Given:
AD is diameter of the circle, AB is the tangent, and measure of arc ADC is 228 degrees.
To find:
The [tex]m\angle CAB[/tex] and [tex]m\angle CAD[/tex].
Solution:
AD is diameter of the circle. So, the measure of arc AD is 180 degrees.
[tex]m(arcADC)=m(arcAD)+m(arcDC)[/tex]
[tex]228^\circ=180^\circ+m(arcDC)[/tex]
[tex]228^\circ-180^\circ+=m(arcDC)[/tex]
[tex]48^\circ+=m(arcDC)[/tex]
The measure inscribed angle is half of the corresponding subtended arc.
[tex]m\angle CAD=\dfrac{1}{2}\times m(arcDC)[/tex]
[tex]m\angle CAD=\dfrac{1}{2}\times 48^\circ[/tex]
[tex]m\angle CAD=24^\circ[/tex]
AB is the tangent. So, [tex]m\angle BAD=90^\circ[/tex] because radius is perpendicular on the tangent and the point of tangency.
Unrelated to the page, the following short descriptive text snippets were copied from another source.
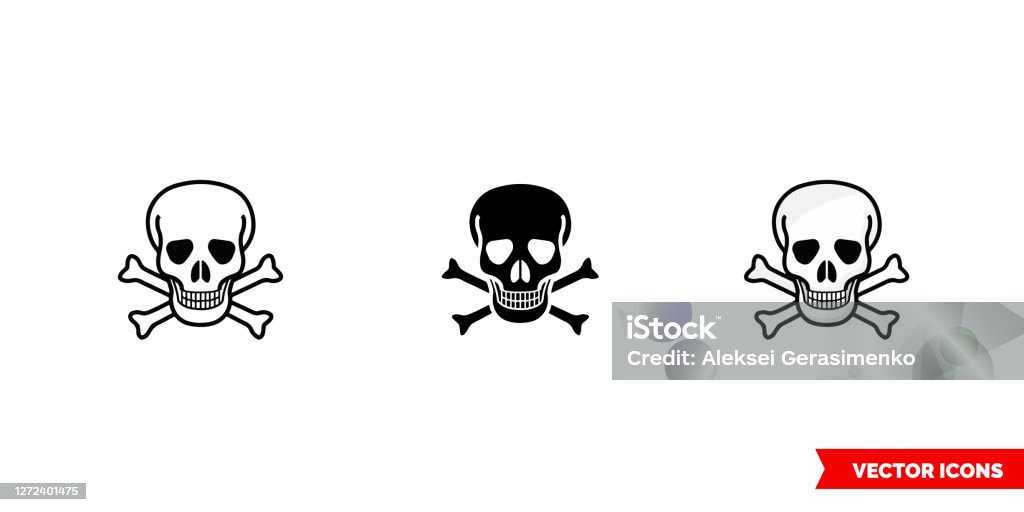 Horde symbol icon 3 types color black Royalty Free Vector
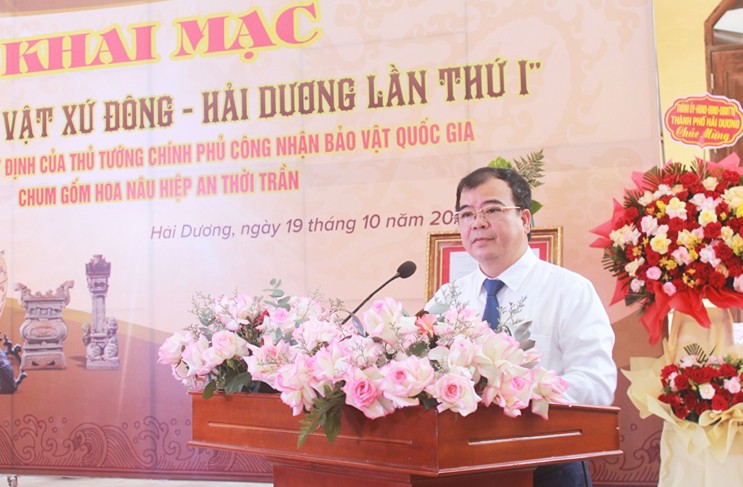 Ông Nguyễn Minh Hùng, Phó Chủ tịch UBND tỉnh Hải Dương phát biểu khai mạc sự kiện.
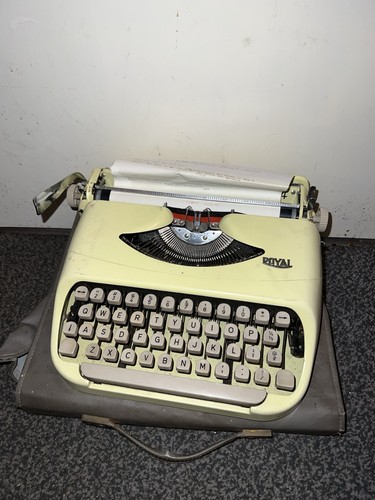 Royal portable typewriter - royal,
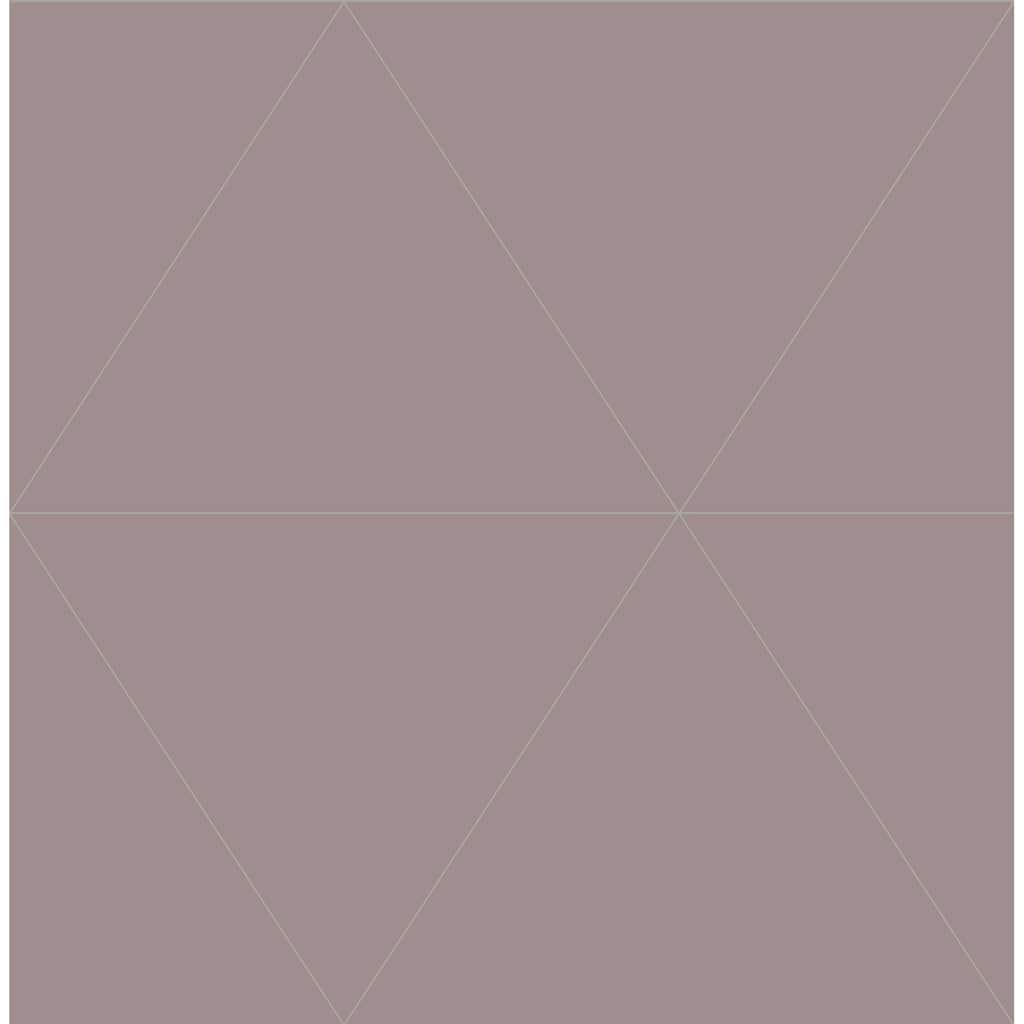 A-Street Prints Twilight Purple Geometric Wallpaper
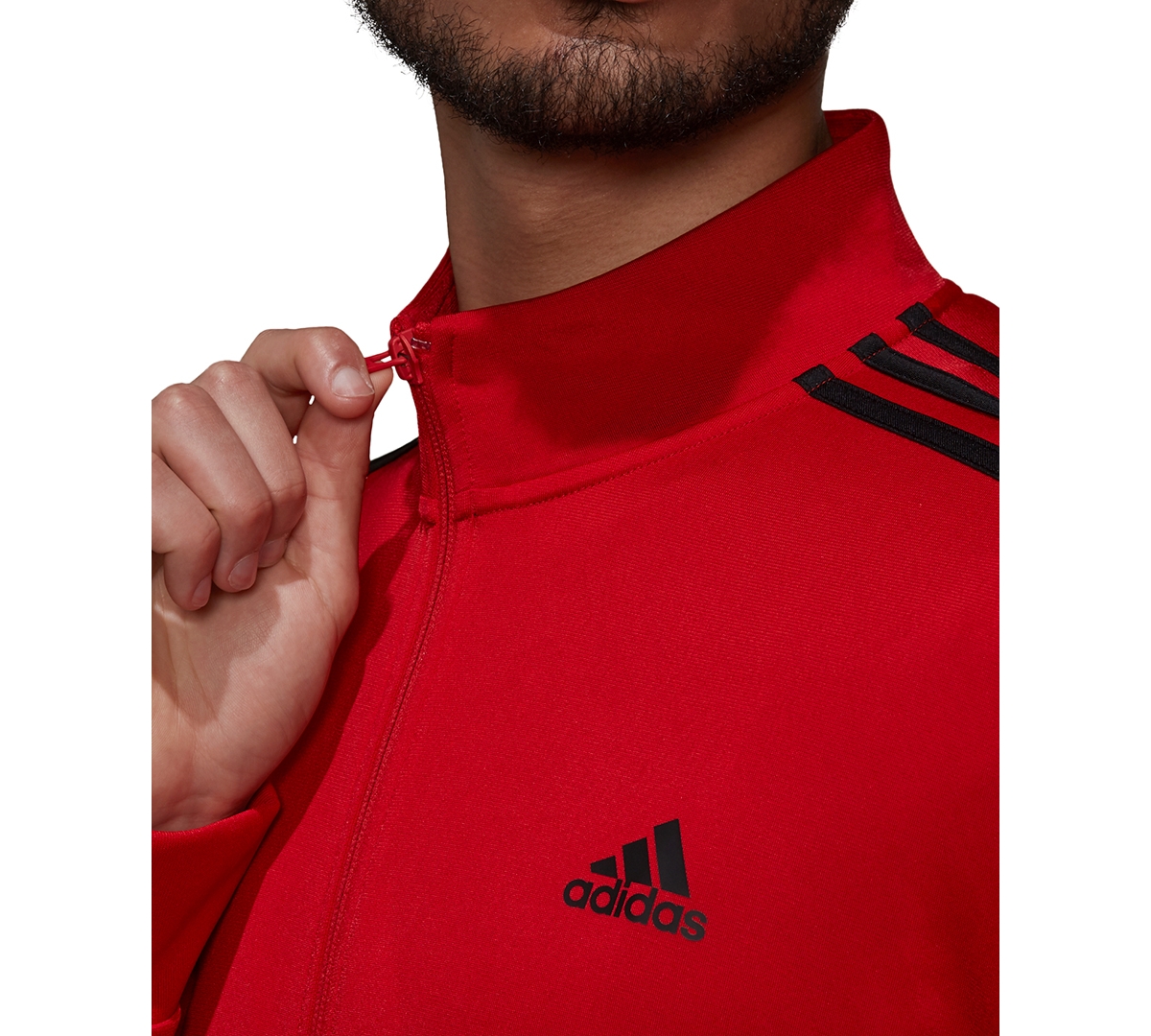 adidas Men's Tricot Track Jacket -Black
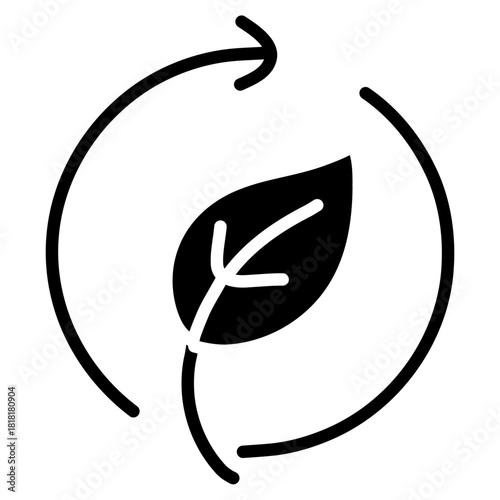 Carbon Neutral icon vector image. Can be used for Global Warming.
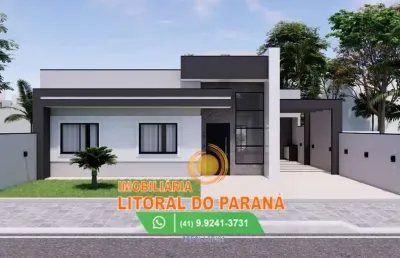 Casa de alvenaria - 03 dormitórios sendo 01 suíte - balneário ipanema - pontal do paraná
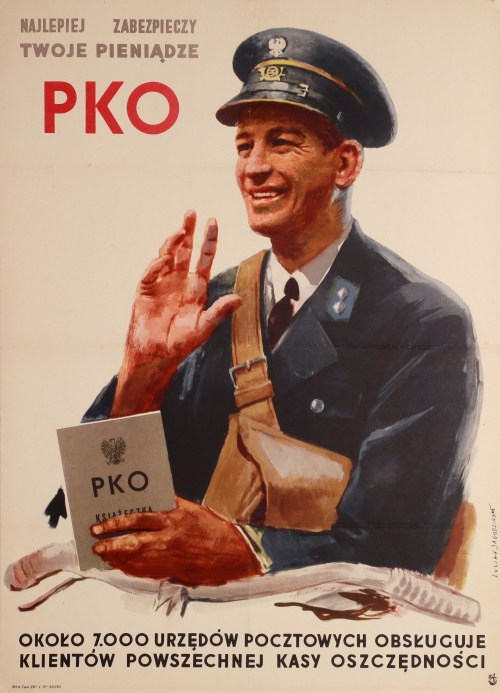 Najlepiej zabezpieczy twoje pieniądze PKO, 1963, Lucjan Jagodziński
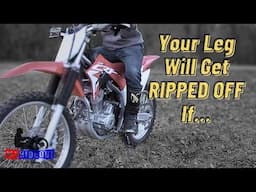 Dirt Bike Foot Position - How To Use Brake & Shifter Without Injury!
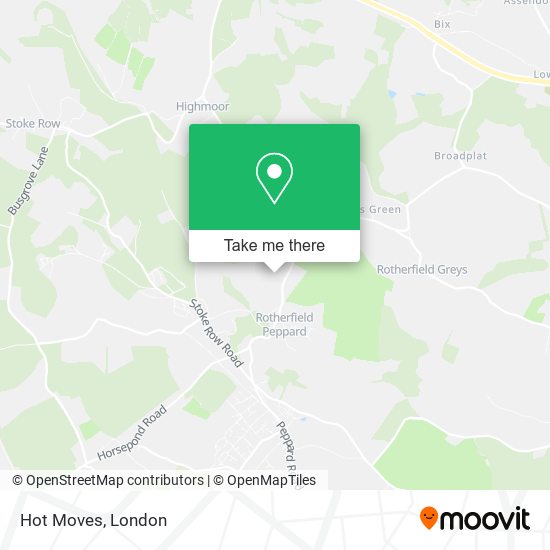 Hot Moves map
[tex]m\angle BAD=m\angle CAB+m\angle CAD[/tex]
[tex]90^\circ=m\angle CAB+24^\circ[/tex]
[tex]90^\circ -24^\circ=m\angle CAB[/tex]
[tex]66^\circ=m\angle CAB[/tex]
Therefore, [tex]m\angle CAB=66^\circ[/tex] and [tex]m\angle CAD=24^\circ[/tex].